BRIEF –
Repeat exactly the line containing "D2 Hour 167-170: Multiplication" and every line after it in the entries, and nothing besides.

-------- MATERIAL FOR THIS EXERCISE

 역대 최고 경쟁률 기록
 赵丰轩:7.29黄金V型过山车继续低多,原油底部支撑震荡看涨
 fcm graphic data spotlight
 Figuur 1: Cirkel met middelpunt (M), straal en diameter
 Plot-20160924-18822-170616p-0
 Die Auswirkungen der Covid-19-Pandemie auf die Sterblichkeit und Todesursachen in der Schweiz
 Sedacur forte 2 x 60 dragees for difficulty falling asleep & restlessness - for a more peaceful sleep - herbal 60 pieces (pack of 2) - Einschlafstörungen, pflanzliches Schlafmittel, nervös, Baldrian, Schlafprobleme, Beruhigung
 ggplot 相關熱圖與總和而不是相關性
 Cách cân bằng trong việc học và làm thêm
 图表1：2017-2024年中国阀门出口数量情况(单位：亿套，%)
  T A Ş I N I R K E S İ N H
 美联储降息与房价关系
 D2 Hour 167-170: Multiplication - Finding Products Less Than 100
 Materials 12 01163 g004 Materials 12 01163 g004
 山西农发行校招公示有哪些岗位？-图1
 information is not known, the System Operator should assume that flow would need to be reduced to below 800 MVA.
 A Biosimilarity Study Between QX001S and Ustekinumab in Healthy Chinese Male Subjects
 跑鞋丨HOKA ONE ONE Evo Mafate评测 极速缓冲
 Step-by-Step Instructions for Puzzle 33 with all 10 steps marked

----------------

RESULT OF THE TASK –
 D2 Hour 167-170: Multiplication - Finding Products Less Than 100
 Materials 12 01163 g004 Materials 12 01163 g004
 山西农发行校招公示有哪些岗位？-图1
 information is not known, the System Operator should assume that flow would need to be reduced to below 800 MVA.
 A Biosimilarity Study Between QX001S and Ustekinumab in Healthy Chinese Male Subjects
 跑鞋丨HOKA ONE ONE Evo Mafate评测 极速缓冲
 Step-by-Step Instructions for Puzzle 33 with all 10 steps marked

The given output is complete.